As palavras são impotentes para transmitir qualquer justa idéia da ferocidade de resistência com que ela batalhou contra a Morte. Eu gemia de angústia diante daquele lamentável espetáculo. Teria querido acalmá-la, teria querido persuadi-la, mas na intensidade de seu feroz desejo de viver, de viver, nada mais que viver, todos os alívios e razões teriam sido o cúmulo da loucura. Entretanto nem mesmo no derradeiro instante, entre as mais convulsivas contorções do seu espírito ardente, foi abalada a externa placidez de seu porte. Sua voz tornou-se mais suave, tornou-se mais grave, mas eu não queria confiar na significação estranha daquelas palavras, sossegadamente pronunciadas. Meu cérebro vacilava quando eu escutava extasiado por uma melodia sobre-humana, aquelas elevações e aspirações que os homens mortais jamais conheceram até então.

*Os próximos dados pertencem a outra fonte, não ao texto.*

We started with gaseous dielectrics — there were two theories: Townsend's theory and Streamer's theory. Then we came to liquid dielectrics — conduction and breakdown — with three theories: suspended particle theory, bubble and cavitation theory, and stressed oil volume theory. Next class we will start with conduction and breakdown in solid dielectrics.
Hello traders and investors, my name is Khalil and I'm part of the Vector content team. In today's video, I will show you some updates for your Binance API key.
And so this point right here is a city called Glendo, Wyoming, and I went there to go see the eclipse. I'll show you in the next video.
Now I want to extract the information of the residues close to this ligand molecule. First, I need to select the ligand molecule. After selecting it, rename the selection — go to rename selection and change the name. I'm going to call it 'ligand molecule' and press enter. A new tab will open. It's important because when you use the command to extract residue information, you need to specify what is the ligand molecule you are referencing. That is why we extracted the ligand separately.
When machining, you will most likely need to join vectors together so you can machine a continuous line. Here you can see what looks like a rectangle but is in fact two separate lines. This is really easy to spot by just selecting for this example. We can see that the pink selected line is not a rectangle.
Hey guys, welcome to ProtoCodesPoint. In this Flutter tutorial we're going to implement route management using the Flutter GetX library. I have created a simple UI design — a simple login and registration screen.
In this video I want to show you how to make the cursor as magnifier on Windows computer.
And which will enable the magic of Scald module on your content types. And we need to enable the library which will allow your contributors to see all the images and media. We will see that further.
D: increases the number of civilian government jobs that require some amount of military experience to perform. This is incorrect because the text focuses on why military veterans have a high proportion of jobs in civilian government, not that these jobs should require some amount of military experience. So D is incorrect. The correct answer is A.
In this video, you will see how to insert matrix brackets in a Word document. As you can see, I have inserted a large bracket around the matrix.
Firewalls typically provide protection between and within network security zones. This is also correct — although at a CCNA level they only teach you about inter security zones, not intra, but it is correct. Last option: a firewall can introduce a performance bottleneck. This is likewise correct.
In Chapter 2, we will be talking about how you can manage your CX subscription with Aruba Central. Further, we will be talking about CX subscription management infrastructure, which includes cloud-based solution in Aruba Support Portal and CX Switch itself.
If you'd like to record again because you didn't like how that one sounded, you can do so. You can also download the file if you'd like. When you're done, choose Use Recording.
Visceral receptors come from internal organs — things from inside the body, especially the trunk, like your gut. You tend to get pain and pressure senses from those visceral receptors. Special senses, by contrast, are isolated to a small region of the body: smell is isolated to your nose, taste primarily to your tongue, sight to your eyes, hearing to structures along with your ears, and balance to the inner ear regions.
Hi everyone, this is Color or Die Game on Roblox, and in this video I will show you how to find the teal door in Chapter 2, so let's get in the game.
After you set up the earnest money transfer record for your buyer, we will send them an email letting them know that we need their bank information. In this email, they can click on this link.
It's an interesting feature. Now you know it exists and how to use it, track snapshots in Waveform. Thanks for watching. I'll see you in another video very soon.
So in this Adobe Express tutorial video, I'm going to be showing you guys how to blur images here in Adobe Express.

Que ela me amasse, não podia pô-lo em dúvida, e era-me fácil saber que, num peito como o seu, o amor não deveria ter reinado como uma paixão comum. Mas somente na morte é que compreendi toda a força de seu afeto. Durante longas horas, presas minhas mãos nas suas, derramava diante de mim a superabundância dum coração cuja devoção, mais do que apaixonada, atingia as raias da idolatria. Como tinha eu merecido a beatitude de ouvir tais confissões? Como tinha eu merecido a maldição de que minha me fosse roubada na hora mesma em que mais falta fazia? Mas sobre essa questão não posso suportar o demorar-me. Permiti-me apenas dizer que no abandono mais do que feminino de Ligéia a um amor, ai de mim!, inteiramente imerecido, concedido a quem era de todo indigno, eu afinal reconheci o princípio de sua saudade , com um desejo, tão avidamente selvagem, da vida que agora lhe fugia com tal rapidez. É essa violenta aspiração, essa ávida veemência do desejo da vida, apenas da vida, que não tenho poder para retratar, nem palavras capazes de exprimir.